Die Farben des Wasserstoffs
Wasserstoff für die Stahlerzeugung
Ähnlich ambitioniert ist das Gemeinschaftsprojekt des Stahlproduzenten Thyssenkrupp Steel Europe und des Energieversorgers RWE. Am niedersächsischen Kraftwerksstandort Lingen/Emsland plant RWE den Bau eines Elekrolyseurs zur Erzeugung von „grünem“ Wasserstoff. Genutzt werden soll dieser dann unter anderem von Deutschlands größtem Stahlerzeuger für die Roheisenherstellung, und zwar am Standort Duisburg.

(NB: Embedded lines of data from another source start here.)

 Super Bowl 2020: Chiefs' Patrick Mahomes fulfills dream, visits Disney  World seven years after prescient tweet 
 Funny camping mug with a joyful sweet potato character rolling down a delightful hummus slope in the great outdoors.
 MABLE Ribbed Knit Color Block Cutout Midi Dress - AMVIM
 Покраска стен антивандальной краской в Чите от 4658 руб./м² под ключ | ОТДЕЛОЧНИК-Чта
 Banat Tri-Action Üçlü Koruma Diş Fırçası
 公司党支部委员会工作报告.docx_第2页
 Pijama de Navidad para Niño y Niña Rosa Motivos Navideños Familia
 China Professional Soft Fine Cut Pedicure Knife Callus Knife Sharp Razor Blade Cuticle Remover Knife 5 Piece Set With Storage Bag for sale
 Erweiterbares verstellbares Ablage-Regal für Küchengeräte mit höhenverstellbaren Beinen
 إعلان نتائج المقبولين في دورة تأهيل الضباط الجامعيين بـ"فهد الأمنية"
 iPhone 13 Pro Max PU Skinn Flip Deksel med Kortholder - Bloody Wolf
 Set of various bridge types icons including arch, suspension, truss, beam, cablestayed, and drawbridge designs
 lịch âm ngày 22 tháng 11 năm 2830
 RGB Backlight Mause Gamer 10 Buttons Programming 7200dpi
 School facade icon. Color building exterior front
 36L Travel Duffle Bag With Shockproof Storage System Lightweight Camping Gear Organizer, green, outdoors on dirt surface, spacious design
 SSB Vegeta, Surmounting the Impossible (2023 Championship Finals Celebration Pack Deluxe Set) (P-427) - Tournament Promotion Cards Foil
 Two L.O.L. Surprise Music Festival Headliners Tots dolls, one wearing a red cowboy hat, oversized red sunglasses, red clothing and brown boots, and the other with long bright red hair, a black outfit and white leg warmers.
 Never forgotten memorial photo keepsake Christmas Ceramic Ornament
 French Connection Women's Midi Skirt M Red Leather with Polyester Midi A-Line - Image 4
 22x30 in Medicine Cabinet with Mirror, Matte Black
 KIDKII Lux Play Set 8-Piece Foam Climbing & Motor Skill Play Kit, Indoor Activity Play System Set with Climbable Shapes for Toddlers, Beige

Der 100-MW-Elektrolyseur wird in der Lage sein, pro Stunde 1,7 Tonnen Wasserstoff zu erzeugen. Das bedeutet:
Thyssenkrupp Steel kann pro Jahr 50.000 Tonnen klimaneutralen Stahl produzieren und zugleich Kosten sparen, weil CO2-Abgaben entfallen. Bis 2022 soll die Umstellung, die einen ganz erheblichen Klimaschutzeffekt mit sich bringt, umgesetzt werden.
Das Vorhaben ist Teil der Initiative Get H2, eines Zusammenschlusses von Unternehmen und Forschungsinstitutionen, die einen wettbewerbsorientierten Wasserstoffmarkt in Deutschland etablieren wollen. Den Anfang machte das „Projekt Lingen“, in dem acht Partner entlang der Sektoren Energie, Industrie, Verkehr und Wärme kooperieren. „Entscheidend ist jetzt, die Technik nicht nur in kleinen F&E‑Projekten zu erproben, sondern sie auch mit größeren Projekten in einem ganzheitlichen Ansatz zur Serienreife zu bringen. Hierzu wollen wir mit unserem Projekt einen wesentlichen Beitrag leisten“, so Jörg Müller, Geschäftsführer von Enertrag, einem der beteiligten Unternehmen. Das Beispiel zeige die Bedeutung einer durchgängigen Vernetzung entlang der H2-Wertschöpfungskette, so Christian Dittmer-Peters: „Wenn die richtigen Leute von der Erzeugung über die Speicherung und Verteilung bis zur Nutzung von Wasserstoff an einen Tisch kommen und ein Zusammenarbeitsmodell finden, profitieren alle.“ Der Anfang ist gemacht.